Handel, Isaiah, and Journeys

by Melanie on December 10, 2017

in Catholicism, Cursillo, Going 60 MPH, Memoir, Nonfiction, Spirituality, Your Daily Tripod

Note: On Tuesdays and some Sundays, you can find me at Your Daily Tripod, owned by my friend TonyD. A longer version of the post below appears there.

For some people, Advent really starts when the candles are lit. For others, it really starts when the tree is up and the house decorated (don’t start in about why you should wait to do that). For me, it really starts when I listen to the Isaiah parts of George Handel’s “Messiah.” It’s impossible for me to study Isaiah without hearing Handel’s music. Together, they are like anything else holy—every time you regard it, you learn something new.

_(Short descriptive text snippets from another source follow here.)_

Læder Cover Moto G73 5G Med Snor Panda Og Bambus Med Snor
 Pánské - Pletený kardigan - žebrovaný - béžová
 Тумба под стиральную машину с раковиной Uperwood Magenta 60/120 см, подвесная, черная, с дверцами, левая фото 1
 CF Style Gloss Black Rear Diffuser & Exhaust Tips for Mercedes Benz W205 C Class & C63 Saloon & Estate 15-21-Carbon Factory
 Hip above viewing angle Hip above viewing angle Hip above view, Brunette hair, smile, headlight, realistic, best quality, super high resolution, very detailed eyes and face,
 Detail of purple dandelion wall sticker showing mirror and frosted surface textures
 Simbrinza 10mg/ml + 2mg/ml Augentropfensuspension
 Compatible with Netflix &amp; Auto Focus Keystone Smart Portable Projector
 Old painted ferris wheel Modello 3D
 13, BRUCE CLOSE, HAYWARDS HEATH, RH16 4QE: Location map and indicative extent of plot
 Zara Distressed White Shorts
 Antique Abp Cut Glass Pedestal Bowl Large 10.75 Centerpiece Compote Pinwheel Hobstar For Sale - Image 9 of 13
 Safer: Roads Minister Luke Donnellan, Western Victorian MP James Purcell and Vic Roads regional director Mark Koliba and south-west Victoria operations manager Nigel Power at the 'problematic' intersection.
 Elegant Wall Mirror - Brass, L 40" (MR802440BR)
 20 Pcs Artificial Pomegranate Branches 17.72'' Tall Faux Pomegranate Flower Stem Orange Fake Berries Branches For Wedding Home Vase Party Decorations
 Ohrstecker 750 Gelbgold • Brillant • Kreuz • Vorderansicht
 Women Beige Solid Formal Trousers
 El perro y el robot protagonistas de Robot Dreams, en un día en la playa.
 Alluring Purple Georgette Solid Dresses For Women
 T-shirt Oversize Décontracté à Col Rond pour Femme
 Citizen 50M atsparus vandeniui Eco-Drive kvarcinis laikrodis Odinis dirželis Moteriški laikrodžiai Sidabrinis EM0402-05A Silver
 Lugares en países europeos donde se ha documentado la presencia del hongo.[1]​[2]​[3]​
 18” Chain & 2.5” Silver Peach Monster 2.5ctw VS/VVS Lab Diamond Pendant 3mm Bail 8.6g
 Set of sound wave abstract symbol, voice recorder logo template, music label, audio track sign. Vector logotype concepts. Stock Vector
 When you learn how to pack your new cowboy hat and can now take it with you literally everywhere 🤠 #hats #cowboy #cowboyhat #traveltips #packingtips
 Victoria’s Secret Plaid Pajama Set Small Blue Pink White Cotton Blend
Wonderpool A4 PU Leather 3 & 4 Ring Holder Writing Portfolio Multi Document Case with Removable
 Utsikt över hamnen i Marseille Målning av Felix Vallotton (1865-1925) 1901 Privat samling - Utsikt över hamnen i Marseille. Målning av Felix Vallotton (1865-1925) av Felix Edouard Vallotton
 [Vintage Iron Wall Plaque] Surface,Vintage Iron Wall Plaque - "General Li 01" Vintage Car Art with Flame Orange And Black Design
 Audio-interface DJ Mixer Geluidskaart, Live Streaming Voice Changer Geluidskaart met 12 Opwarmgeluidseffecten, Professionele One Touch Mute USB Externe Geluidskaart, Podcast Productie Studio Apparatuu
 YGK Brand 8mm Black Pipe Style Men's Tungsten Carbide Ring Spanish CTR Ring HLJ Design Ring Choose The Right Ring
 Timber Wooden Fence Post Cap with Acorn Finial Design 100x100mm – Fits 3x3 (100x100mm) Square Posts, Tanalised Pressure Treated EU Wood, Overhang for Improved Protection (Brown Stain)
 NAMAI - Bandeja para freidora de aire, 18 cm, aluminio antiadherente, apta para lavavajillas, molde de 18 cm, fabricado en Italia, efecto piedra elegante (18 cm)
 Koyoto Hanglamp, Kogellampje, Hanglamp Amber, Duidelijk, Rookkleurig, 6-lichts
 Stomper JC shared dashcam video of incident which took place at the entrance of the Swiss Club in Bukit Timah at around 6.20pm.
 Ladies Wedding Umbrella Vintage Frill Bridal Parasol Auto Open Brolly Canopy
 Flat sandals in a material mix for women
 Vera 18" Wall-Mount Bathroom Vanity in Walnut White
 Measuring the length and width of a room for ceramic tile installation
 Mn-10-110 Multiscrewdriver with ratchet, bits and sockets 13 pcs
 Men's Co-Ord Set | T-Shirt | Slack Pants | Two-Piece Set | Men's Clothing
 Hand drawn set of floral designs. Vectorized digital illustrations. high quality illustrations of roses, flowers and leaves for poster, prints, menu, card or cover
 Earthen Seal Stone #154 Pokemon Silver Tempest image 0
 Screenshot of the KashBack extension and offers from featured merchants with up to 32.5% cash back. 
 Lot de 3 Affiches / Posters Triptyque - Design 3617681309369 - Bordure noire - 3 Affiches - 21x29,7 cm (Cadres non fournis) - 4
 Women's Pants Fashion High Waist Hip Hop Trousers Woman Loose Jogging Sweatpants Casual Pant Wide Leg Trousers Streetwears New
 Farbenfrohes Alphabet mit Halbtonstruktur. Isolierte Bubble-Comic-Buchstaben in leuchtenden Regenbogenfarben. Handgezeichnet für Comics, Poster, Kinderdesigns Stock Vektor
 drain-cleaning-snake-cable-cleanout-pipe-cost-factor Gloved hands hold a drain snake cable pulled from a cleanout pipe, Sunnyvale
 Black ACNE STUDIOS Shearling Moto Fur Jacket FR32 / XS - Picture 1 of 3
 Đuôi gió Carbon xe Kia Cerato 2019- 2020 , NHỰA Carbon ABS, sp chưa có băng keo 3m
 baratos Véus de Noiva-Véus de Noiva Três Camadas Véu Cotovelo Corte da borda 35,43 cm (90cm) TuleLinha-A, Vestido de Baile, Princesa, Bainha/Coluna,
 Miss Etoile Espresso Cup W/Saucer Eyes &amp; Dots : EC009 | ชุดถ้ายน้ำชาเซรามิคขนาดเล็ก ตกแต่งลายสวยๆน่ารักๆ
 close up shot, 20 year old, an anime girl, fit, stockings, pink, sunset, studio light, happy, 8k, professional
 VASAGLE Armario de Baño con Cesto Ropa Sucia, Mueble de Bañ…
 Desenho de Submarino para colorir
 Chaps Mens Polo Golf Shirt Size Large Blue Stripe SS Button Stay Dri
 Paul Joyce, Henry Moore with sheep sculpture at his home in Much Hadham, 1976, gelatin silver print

That happened to me as I sat down to write today’s Tripod, more than two decades after my first sing-along “Messiah.” This time, I didn’t think about the exiles’ way literally being made straight, or of John the Baptist preparing the way of Jesus, as we read in today’s Gospel from Mark. No, I thought about this a bit more personally, more intimately. We are all in a desert here on earth—sometimes, more parched and desolate than others. Our paths can be crooked, our valleys deep, the mountains seemingly impossibly high. The way may include people who have grievously wronged us, sometimes intentionally and just for sport. It may include cruelty and pain. It may include despair and bitterness and loneliness.

Or we can invite Him in as our traveling companion—fully. We can surrender to His direction, without concern about the time or the length of the trip. And when we have the faith and courage to do that for even a few seconds, we see and feel and taste the difference. The sourness of regret dissipates. The burden that was so unbearable, that hurt our shoulders just to think about it, falls away. The pained breathing stops and our lungs and chest open up. The relief may be brief at first. But the more we believe, the more we trust, the better we feel, even if not one of the difficult situations changes in any visible manner.

And that is a way of living to which we can all aspire, regardless of whether the candles are lit or the tree is up or the music is on.